### Exercise
I'd like every record given again exactly, please.

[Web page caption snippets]
►

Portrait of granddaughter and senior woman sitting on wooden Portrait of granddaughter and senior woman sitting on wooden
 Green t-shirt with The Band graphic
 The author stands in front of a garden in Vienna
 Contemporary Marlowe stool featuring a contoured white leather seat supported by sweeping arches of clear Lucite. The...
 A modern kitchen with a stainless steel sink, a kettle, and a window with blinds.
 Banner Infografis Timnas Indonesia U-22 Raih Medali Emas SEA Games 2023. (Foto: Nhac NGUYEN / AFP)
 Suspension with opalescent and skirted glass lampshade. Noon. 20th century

◄

### Solution to the exercise
Portrait of granddaughter and senior woman sitting on wooden Portrait of granddaughter and senior woman sitting on wooden
 Green t-shirt with The Band graphic
 The author stands in front of a garden in Vienna
 Contemporary Marlowe stool featuring a contoured white leather seat supported by sweeping arches of clear Lucite. The...
 A modern kitchen with a stainless steel sink, a kettle, and a window with blinds.
 Banner Infografis Timnas Indonesia U-22 Raih Medali Emas SEA Games 2023. (Foto: Nhac NGUYEN / AFP)
 Suspension with opalescent and skirted glass lampshade. Noon. 20th century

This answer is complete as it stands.